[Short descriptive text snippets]
------------------------------------------------------------------------

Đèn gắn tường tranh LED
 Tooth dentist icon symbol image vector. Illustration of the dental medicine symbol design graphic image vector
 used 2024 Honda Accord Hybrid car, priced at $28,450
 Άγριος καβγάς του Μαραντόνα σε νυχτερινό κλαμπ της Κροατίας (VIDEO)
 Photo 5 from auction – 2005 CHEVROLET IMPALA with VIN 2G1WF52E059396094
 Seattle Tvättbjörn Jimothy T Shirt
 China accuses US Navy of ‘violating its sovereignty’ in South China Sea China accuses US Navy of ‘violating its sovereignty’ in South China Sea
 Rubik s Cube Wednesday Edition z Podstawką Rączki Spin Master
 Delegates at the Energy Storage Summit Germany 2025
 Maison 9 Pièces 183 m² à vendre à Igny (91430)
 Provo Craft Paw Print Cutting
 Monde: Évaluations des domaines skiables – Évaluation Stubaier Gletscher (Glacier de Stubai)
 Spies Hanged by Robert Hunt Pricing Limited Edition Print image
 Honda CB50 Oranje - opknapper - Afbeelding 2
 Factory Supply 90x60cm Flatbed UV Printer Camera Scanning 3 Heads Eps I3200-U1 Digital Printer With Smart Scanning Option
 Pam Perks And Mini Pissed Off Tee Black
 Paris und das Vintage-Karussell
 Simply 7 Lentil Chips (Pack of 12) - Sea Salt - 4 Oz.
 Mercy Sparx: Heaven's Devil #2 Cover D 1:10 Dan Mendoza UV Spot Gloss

------------------------------------------------------------------------

What you are asked to do:
For this exercise, copy the lines from the one that contains "Monde: Évaluations des" through the last line of the records, exactly and only those.

Reply:
 Monde: Évaluations des domaines skiables – Évaluation Stubaier Gletscher (Glacier de Stubai)
 Spies Hanged by Robert Hunt Pricing Limited Edition Print image
 Honda CB50 Oranje - opknapper - Afbeelding 2
 Factory Supply 90x60cm Flatbed UV Printer Camera Scanning 3 Heads Eps I3200-U1 Digital Printer With Smart Scanning Option
 Pam Perks And Mini Pissed Off Tee Black
 Paris und das Vintage-Karussell
 Simply 7 Lentil Chips (Pack of 12) - Sea Salt - 4 Oz.
 Mercy Sparx: Heaven's Devil #2 Cover D 1:10 Dan Mendoza UV Spot Gloss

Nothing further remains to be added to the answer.